Corporate Decision-Making and Quantitative Analysis - Assignment I: Audit market concentration in the EU
Adopting the Open Science Workflow and TRR 266 Template for Reproducible Empirical Accounting Research
This repository provides an infrastructure for an open science-oriented empirical project, specifically targeted at the empirical accounting research community. It features a project exploring audit firms’ market shares in terms of the number of public interest entity (PIE) statutory audits for the year 2021 across EU countries. The project showcases a reproducible workflow integrating Python scripts and data analysis, requiring access to the research platform WRDS, which provides access to a variety of different datasets. This assignment is an empirical replication following open science principles. Through this repository, you will be equipped to evaluate the role of accounting in corporate decision-making while learning to gather, prepare, and analyze relevant data using tools and platforms essential for collaborative and reproducible research.
The task involves accessing and retrieving data from the Audit Analytics Database through WRDS, which adds complexity as it requires both understanding WRDS dataset structure and writing scripts to pull the data.
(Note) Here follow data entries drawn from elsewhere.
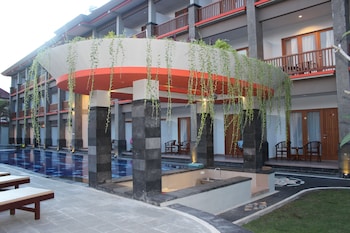 grand sinar indah hotel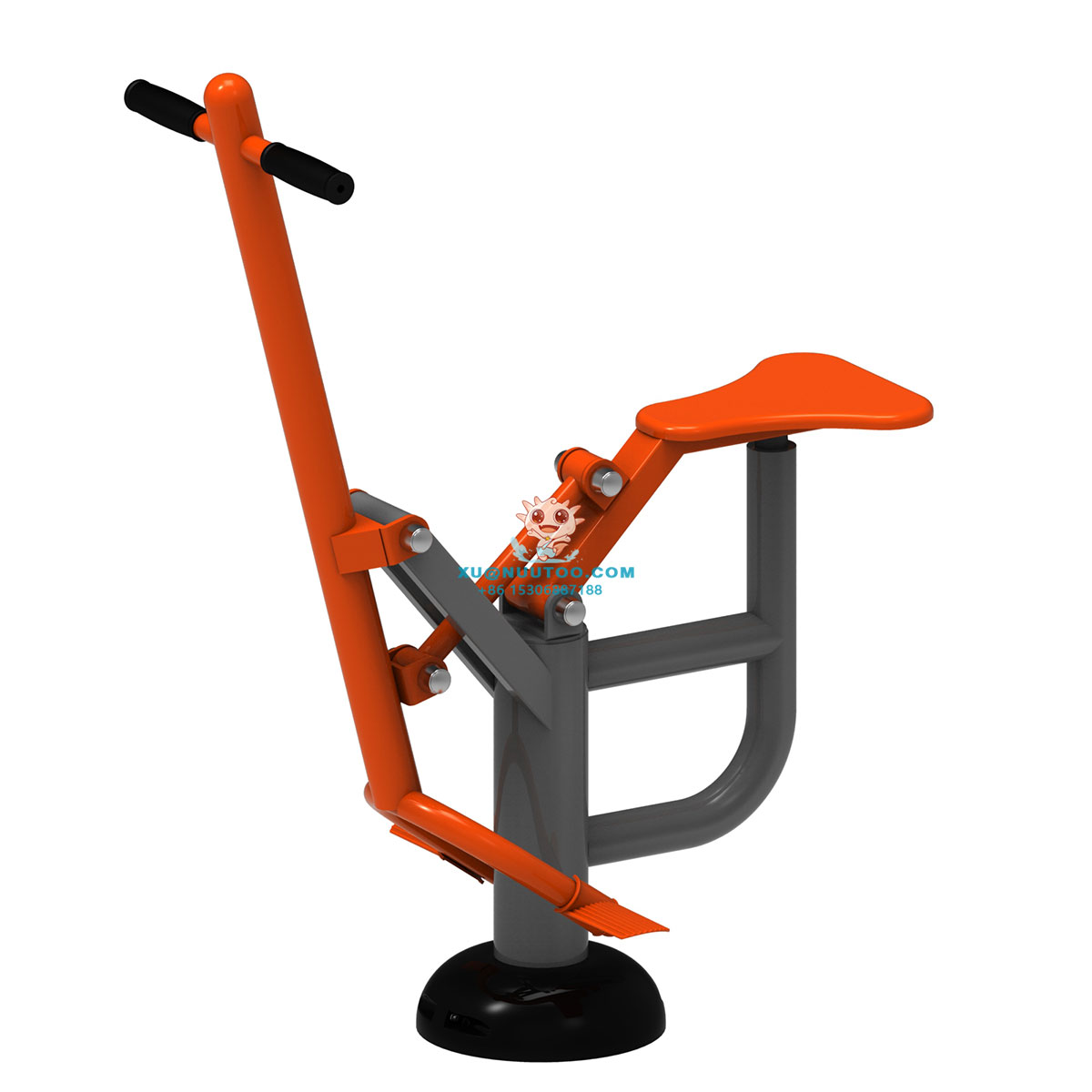 Outdoor fitness equipment (5) 户外健身器材 (5)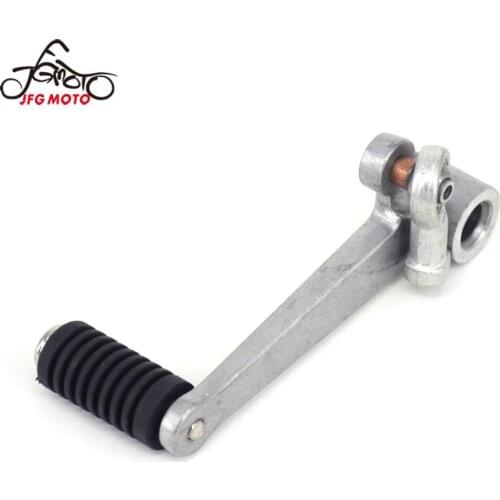 Motorcycle Foot Pedal Gear Shift Shifter Lever For Suzuki GSX1300R GSXR1300 Hayabusa 1300 1999-2007 GSXR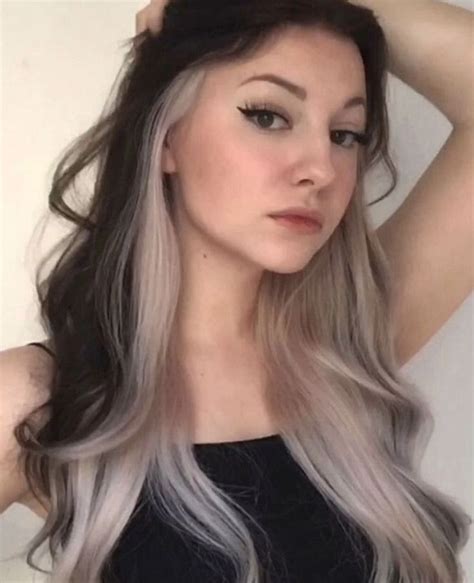 Med Tech Запись со стены Hair Color Underneath Hair Dye Colors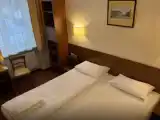 Двухместный номер Стандарт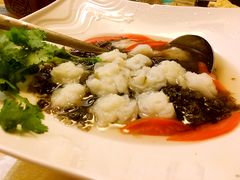 -堂宴·老厦门私房菜(1988仙岳总店)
Reproducing a table from a seminal paper necessitates a deep understanding of the paper’s methodology and thorough attention to detail to match the results. Additionally, the project output includes documentation of the steps and explicit assumptions made. The paper (and presentation) output files present the findings, compare them with the paper key results and discuss any differences observed.
Even if you are not specifically interested in audit firms’ market shares (who wouldn’t be?) or do not have access to WRDS Databases, the codebase provided in this repository will give you a clear understanding of how to structure a reproducible empirical project. The template and workflow used here are designed to ensure transparency and reproducibility, making it a valuable resource for any empirical accounting research project.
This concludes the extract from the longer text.